InternalDataSequence::accumulateFeatureData very high memory usage

hiroshi-manabe / CRFSegmenter

A multi-language segmenter using high-order CRF.

Other

17 stars 2 forks source link

InternalDataSequence::accumulateFeatureData very high memory usage #7

Open bratao opened 7 years ago

bratao commented 7 years ago

Hello Again @hiroshi-manabe ,

I´m writing a Python wrapper for your excellent library, that I plan to release soon.

However, porting some internal projects to this library I can see that the memory usage exploded compared to CRFSuite.

I just started to analyze if I can improve the memory usage. I plan to use some compact data structures to store the data, such as https://github.com/Tessil/hat-trie , and I already got some good improvements.

Now I got to InternalDataSequence::accumulateFeatureData(). It is responsible for 70% of memory usage during training. Do you have an idea how is possible to optimize it?

Thank you

hiroshi-manabe commented 7 years ago

Hello @bratao,

I´m writing a Python wrapper for your excellent library, that I plan to release soon.

Thank you for your work! I'm really excited to hear that :)

I'm on vacation at Montreal now, I'll respond you after the 12th.

A bientôt!

hiroshi-manabe commented 7 years ago

Hello @bratao,

Now I got to InternalDataSequence::accumulateFeatureData(). It is responsible for 70% of memory usage during training. Do you have an idea how is possible to optimize it?

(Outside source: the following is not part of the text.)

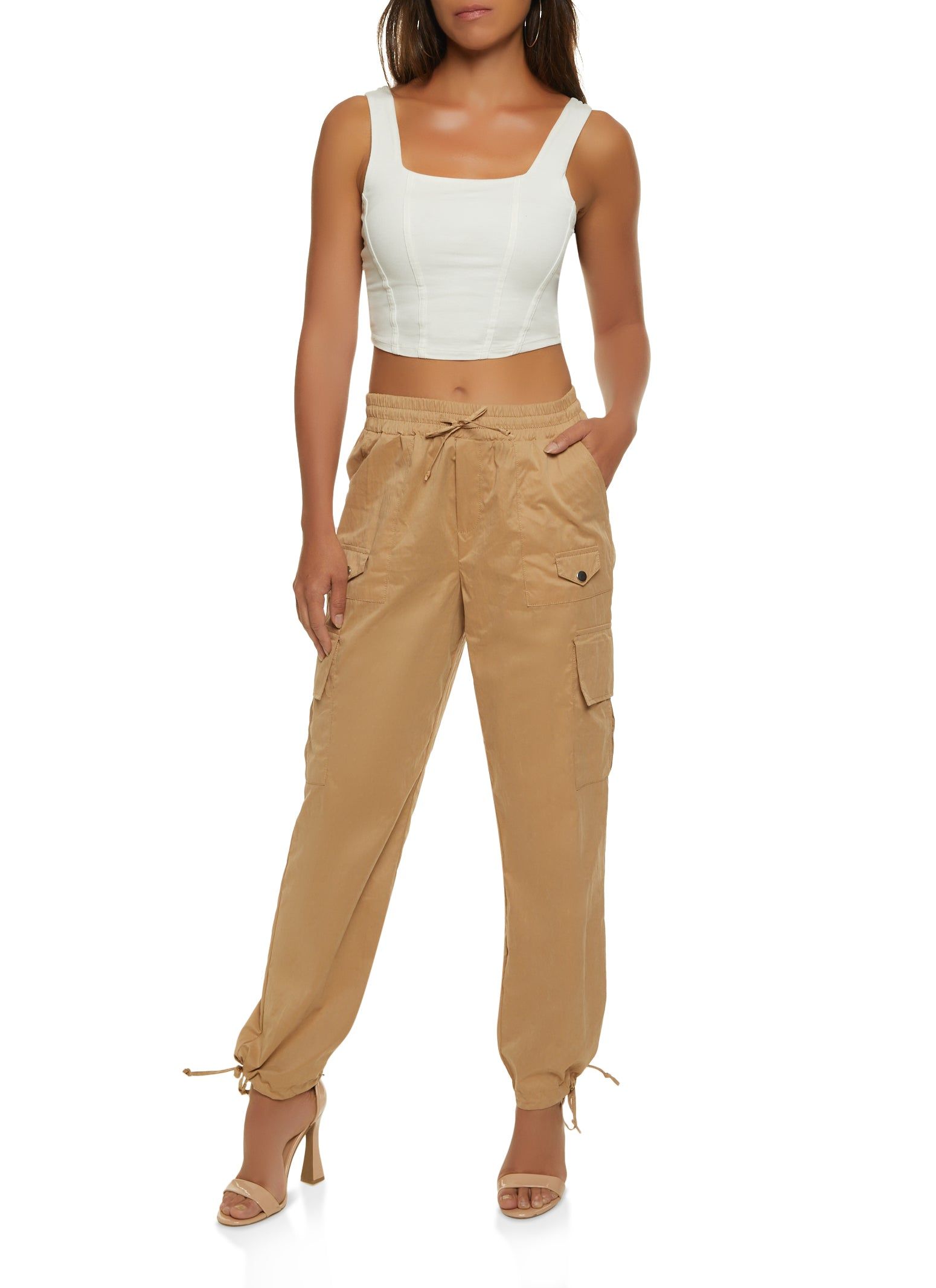 Nylon Drawstring Tie Hem Cargo Pants sold by Rainbow product image thumbnail 2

I thought the part that uses the memory the most would be this ( https://github.com/hiroshi-manabe/CRFSegmenter/blob/4c274a871a4e90b727b2cd166f4367ce71e0b519/HighOrderCRF/HighOrderCRFProcessor.cpp#L173 ), which can be hundreds of GB in my application (CJK segmentation / POS tagging), so I wasn't very serious about optimizing accumulateFeatureData().

Can you give me the data you used for testing?